[[ THE RECORDS, beginning ]]

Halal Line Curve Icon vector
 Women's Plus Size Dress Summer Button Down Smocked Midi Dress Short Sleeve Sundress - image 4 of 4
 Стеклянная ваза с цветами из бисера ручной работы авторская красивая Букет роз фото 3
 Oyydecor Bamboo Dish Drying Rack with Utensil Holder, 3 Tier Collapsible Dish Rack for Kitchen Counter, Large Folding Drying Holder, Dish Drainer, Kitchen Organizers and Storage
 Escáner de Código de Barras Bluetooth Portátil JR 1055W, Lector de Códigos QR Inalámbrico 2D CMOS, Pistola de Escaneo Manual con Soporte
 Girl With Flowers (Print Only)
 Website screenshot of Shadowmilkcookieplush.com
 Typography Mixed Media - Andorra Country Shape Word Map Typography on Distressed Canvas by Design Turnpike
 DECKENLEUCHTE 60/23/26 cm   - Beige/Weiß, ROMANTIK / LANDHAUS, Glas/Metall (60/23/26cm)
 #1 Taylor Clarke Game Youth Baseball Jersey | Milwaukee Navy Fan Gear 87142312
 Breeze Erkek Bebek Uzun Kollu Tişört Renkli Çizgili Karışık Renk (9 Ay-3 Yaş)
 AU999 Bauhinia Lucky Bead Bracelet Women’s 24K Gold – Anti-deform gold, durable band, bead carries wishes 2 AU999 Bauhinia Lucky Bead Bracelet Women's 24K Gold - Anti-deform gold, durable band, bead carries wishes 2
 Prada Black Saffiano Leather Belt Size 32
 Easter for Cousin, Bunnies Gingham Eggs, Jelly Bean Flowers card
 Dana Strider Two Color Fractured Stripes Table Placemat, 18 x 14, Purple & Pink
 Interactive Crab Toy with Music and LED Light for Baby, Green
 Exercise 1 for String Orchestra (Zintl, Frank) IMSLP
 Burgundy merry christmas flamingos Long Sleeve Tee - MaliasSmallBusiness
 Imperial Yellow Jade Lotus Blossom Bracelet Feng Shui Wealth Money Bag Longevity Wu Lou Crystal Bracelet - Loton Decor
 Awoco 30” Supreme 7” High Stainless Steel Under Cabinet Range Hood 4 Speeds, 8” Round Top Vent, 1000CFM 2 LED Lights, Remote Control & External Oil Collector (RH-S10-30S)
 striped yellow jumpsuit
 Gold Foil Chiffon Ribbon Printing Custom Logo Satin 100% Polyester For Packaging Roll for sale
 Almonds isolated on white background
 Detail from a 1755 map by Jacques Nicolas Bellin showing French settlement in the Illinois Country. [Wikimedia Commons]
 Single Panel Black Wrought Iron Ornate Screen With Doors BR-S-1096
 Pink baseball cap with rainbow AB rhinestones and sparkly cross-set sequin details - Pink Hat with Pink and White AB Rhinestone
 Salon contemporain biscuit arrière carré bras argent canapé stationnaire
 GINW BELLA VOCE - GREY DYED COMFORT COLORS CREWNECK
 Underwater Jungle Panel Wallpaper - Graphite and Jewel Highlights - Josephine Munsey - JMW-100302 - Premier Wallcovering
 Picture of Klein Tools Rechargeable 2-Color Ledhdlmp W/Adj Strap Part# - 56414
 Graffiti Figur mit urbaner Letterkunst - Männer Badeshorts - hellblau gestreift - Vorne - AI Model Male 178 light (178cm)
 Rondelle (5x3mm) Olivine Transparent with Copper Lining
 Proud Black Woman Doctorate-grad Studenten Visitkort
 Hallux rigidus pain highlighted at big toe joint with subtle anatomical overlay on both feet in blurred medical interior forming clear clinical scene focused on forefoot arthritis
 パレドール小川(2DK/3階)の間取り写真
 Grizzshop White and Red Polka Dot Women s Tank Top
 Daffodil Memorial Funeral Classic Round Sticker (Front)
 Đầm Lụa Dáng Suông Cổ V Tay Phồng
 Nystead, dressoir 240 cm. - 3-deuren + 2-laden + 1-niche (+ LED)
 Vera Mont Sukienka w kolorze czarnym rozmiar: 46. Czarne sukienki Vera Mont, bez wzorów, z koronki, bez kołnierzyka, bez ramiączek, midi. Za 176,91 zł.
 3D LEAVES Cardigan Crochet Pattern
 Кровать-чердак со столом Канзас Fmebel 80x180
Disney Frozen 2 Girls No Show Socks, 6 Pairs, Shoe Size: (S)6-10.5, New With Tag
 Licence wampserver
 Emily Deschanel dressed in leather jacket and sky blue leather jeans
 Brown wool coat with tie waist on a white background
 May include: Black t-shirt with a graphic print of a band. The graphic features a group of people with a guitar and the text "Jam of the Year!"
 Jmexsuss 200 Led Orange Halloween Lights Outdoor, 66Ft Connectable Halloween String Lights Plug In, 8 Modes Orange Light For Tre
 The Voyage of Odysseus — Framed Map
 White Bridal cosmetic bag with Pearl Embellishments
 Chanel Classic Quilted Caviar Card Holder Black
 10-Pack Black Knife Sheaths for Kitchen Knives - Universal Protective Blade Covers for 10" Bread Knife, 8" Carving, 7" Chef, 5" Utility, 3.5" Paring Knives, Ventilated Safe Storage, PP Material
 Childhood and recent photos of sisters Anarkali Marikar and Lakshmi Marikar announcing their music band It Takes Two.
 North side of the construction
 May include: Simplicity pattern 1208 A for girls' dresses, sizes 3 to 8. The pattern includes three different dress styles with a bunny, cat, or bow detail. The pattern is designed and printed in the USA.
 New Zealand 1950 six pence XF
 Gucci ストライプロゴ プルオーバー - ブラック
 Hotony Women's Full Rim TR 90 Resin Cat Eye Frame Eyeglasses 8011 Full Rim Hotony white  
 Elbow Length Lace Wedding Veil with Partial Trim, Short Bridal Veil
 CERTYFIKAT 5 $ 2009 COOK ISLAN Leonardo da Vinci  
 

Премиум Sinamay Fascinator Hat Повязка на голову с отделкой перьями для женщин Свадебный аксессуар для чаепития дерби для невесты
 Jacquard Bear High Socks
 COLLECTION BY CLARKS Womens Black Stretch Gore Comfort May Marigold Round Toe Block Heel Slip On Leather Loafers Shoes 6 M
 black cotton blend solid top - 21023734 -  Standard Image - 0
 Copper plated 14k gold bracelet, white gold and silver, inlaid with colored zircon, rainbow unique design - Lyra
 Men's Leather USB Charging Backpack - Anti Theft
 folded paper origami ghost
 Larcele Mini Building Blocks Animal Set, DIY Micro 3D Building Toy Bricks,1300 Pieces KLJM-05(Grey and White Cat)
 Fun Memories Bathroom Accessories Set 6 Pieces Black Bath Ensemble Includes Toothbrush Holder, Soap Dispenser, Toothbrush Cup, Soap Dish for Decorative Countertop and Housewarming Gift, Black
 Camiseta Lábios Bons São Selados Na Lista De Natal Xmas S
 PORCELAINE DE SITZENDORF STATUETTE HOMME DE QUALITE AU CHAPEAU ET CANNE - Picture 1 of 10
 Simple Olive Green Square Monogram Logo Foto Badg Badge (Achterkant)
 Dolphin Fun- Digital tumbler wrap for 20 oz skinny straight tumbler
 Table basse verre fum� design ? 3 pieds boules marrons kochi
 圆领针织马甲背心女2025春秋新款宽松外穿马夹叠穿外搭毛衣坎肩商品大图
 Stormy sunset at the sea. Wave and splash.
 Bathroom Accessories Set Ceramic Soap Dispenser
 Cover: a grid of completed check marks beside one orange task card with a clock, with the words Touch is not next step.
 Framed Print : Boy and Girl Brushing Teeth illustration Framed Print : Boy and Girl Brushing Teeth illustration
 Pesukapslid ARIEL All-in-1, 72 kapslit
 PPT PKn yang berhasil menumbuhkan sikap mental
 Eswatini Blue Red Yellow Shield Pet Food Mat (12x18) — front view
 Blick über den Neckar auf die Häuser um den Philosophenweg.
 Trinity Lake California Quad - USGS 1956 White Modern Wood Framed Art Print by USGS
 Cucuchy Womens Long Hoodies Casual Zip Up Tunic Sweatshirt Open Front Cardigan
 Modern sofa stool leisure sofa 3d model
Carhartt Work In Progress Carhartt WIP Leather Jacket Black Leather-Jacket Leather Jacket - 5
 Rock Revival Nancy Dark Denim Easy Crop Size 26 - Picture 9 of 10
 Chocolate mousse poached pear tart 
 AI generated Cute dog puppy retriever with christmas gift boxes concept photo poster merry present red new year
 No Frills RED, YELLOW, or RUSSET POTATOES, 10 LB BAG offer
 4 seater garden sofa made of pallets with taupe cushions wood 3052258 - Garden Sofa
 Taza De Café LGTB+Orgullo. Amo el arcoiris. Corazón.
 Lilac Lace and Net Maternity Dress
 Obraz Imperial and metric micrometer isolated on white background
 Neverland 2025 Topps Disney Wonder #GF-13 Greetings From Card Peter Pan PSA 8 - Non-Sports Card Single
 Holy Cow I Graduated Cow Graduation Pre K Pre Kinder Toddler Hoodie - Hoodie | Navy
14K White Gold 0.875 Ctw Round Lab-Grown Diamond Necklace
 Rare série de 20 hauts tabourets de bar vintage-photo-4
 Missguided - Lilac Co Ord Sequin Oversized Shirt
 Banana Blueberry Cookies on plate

[[ THE RECORDS, end ]]

_ACTIVITY_: Wherever the word "Dispenser" appears in the entries above, copy that line.

_RESULT FOR THIS EXERCISE_:
 Fun Memories Bathroom Accessories Set 6 Pieces Black Bath Ensemble Includes Toothbrush Holder, Soap Dispenser, Toothbrush Cup, Soap Dish for Decorative Countertop and Housewarming Gift, Black
 Bathroom Accessories Set Ceramic Soap Dispenser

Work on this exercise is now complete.